February 25, 2011

Niaux Cave in the Ariege Region of France

People familiar with the ancient paleolithic heritage of Europe are familiar with the Ice Age cave paintings of the famous Altamira Cave in Spain, or Lascaux and Chauvet in France. What is less well known is that there are some 350 caves in France and Spain alone that contain cave art. One of the best preserved and yet less well known sites is Niaux Cave.

Looking up at the Pyrenees foothills from Niaux Cave

Looking down on Tarascon from the Pyrenees foothills

Niaux Cave is located in the beautiful Ariege region of France, at the base of the Pyrenees. There is much to see in the area beyond the cave and the best home base to do so is the small town of Tarascon-sur-Ariège. It contains great restaurants, beautiful surroundings, and numerous activities.

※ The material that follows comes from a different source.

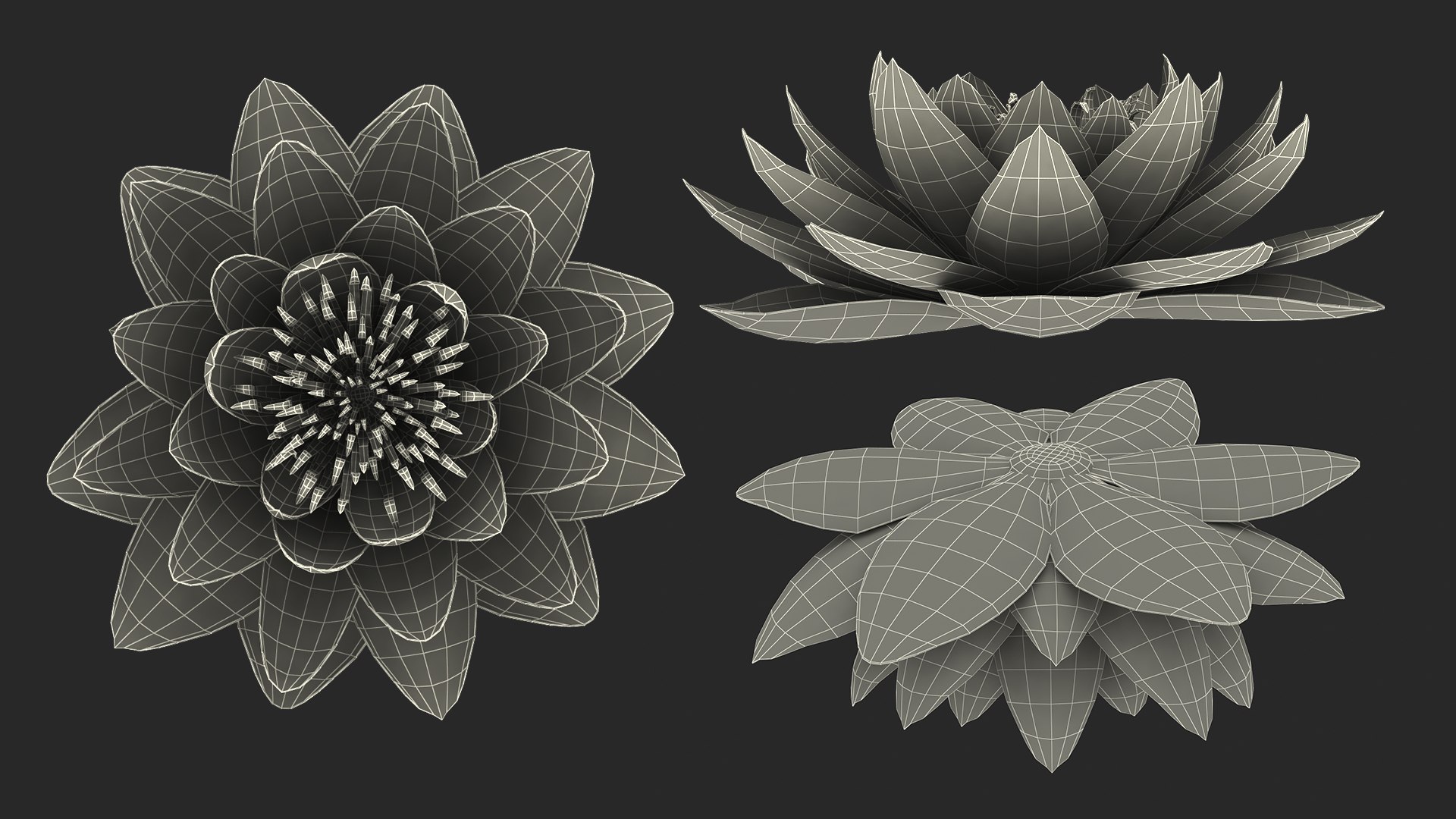 3D flowers 12 model https://p.turbosquid.com/ts-thumb/W2/EeGiH5/kgxzkpbB/flowerscollection12vray3dmodel051/jpg/1607515625/1920x1080/fit_q87/95068cb8ccf24a08010978451addb1eb1de67226/flowerscollection12vray3dmodel051.jpg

Notice the spears in the sides of these bison

A European Lion carving on bone

The Niaux Cave Paintings date back to the period between 10,500-11,500 BC near the end of the Ice Age. It contains paintings of prehistoric animal species such as bison, ibex, horses, auroch...all of which are extinct in the region, plus red deer and other species. Many of them show signs of being hunted, such as spears in their sides. It is not clear why people ventured in so deeply into caves to make these paintings. Perhaps they were ritualistic ceremonies made by shamans to bring big game to the valleys. Perhaps they were teaching tools in the cold winter months for adults to train young hunters. Whatever the reasons, the quality of the art and the state of preservation after so many thousands of years is outstanding.


There are tours into the cave, with several French language tours per day and one English tour. But, the tours are small and often fill up fast (or needing reservations), so they have built a museum called the Prehistoric Art Park which contains an exact replica of the cave and its paintings, as well as, containing many prehistoric artifacts that were discovered in and around the cave. This museum provides visitors a great opportunity to get a feel for the cave without going in it, as well as, an introduction to the scene if you are doing the tour. We went in early April (the off season), so there was no issue getting a tour.

A museum interpreter demonstrating making fire for a school group

Since photographs are not allowed in the cave itself, the photographs you see here are from the museum. But, it really did look that way inside. The Prehistoric Art Park also contains some outdoor exhibits where interpreters demonstrate the making of stone, wood, and bone tools and how they made fire using fungi, moss, and grass.

Beyond the cave and museum, Tarascon is also a great jumping off place for exploring the nearby Pyrenees Mountains including the tiny nation of Andorra.